THE PROBLEM: Return verbatim every line from the first line of the data below to the line that contains "Einfaches minimalistisches individuelles", inclusive, and no further.

INFORMATION PROVIDED:

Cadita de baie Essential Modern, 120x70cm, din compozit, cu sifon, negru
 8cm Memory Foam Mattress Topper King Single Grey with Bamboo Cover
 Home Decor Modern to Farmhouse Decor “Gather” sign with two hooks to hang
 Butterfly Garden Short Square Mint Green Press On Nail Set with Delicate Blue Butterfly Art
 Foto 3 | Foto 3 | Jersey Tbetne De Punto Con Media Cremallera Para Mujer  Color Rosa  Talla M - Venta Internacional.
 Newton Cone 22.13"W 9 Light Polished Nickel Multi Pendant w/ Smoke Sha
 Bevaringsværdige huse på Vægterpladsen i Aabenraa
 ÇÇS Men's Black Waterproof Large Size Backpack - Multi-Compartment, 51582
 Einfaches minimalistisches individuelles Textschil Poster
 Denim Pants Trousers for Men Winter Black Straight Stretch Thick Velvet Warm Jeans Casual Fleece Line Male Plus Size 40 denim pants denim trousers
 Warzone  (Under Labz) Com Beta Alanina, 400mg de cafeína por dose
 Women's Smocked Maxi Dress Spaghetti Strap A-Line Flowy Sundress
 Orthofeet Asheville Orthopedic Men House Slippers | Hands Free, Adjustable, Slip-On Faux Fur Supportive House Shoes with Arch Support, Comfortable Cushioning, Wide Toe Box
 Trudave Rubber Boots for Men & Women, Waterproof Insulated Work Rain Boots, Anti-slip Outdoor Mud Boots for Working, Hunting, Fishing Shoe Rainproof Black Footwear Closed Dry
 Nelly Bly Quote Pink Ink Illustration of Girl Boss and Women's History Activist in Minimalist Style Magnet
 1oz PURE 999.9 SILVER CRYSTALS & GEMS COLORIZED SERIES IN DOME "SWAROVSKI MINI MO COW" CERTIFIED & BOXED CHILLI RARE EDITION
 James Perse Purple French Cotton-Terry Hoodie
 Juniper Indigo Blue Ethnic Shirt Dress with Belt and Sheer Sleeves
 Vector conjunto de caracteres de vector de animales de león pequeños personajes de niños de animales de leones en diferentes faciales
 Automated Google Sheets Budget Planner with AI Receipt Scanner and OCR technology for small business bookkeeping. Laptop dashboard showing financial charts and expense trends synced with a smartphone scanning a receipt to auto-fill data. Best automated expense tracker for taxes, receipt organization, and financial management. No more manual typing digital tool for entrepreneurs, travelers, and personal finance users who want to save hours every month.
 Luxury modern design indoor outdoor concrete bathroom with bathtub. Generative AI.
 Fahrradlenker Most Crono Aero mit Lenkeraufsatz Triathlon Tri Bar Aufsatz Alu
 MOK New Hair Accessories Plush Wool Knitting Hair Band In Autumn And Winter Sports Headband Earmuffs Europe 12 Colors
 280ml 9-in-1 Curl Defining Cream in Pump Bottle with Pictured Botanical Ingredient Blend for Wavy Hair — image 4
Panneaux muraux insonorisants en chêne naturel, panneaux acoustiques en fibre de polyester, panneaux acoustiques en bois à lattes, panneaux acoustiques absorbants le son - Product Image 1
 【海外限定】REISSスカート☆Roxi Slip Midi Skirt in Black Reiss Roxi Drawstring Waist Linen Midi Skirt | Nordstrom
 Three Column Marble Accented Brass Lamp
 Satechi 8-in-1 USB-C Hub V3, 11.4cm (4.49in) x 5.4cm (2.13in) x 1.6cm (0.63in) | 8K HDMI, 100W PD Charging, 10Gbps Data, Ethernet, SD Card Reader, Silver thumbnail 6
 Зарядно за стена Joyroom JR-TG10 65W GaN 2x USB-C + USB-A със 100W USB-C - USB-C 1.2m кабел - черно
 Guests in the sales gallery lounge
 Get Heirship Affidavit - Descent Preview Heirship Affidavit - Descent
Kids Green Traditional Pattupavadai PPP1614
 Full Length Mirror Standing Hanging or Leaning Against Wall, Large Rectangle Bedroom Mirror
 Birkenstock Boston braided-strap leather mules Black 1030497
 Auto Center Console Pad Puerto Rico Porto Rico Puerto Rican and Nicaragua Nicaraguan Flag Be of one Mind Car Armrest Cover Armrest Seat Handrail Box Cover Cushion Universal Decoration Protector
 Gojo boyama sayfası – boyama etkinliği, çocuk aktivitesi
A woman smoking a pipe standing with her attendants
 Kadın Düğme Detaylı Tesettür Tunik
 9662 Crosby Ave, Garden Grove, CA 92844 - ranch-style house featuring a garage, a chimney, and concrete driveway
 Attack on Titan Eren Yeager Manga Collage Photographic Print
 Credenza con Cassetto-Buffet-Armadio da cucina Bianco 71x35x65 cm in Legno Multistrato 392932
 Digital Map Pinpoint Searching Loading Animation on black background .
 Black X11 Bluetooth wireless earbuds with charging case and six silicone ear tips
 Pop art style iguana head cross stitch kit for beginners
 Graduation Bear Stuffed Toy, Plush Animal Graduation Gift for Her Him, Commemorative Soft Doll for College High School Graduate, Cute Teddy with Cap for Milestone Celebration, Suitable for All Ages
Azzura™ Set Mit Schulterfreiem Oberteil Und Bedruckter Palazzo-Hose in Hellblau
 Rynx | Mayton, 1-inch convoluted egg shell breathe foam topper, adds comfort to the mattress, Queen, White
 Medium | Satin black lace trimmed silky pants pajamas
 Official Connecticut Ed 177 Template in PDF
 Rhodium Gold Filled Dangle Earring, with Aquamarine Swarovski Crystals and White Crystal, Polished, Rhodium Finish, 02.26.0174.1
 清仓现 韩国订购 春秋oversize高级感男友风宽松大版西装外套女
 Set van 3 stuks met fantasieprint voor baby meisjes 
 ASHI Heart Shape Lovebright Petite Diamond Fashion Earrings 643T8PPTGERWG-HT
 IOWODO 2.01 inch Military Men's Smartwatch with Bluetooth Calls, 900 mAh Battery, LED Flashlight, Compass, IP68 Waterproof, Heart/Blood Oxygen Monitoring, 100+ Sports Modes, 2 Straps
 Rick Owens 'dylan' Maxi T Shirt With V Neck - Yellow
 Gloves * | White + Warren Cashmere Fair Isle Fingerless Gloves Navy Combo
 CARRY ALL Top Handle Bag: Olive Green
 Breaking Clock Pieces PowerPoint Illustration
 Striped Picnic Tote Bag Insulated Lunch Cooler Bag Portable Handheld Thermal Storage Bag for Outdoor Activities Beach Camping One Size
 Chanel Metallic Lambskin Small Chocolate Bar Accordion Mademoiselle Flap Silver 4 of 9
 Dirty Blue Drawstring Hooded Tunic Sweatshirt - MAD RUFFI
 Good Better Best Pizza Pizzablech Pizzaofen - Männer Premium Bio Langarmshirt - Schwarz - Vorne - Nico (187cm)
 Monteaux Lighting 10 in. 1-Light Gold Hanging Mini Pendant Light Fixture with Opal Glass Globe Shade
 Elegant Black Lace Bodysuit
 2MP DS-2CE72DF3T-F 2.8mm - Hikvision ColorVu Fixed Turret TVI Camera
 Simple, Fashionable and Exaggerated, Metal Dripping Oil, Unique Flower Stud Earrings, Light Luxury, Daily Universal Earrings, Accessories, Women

TASK RESULT:
Cadita de baie Essential Modern, 120x70cm, din compozit, cu sifon, negru
 8cm Memory Foam Mattress Topper King Single Grey with Bamboo Cover
 Home Decor Modern to Farmhouse Decor “Gather” sign with two hooks to hang
 Butterfly Garden Short Square Mint Green Press On Nail Set with Delicate Blue Butterfly Art
 Foto 3 | Foto 3 | Jersey Tbetne De Punto Con Media Cremallera Para Mujer  Color Rosa  Talla M - Venta Internacional.
 Newton Cone 22.13"W 9 Light Polished Nickel Multi Pendant w/ Smoke Sha
 Bevaringsværdige huse på Vægterpladsen i Aabenraa
 ÇÇS Men's Black Waterproof Large Size Backpack - Multi-Compartment, 51582
 Einfaches minimalistisches individuelles Textschil Poster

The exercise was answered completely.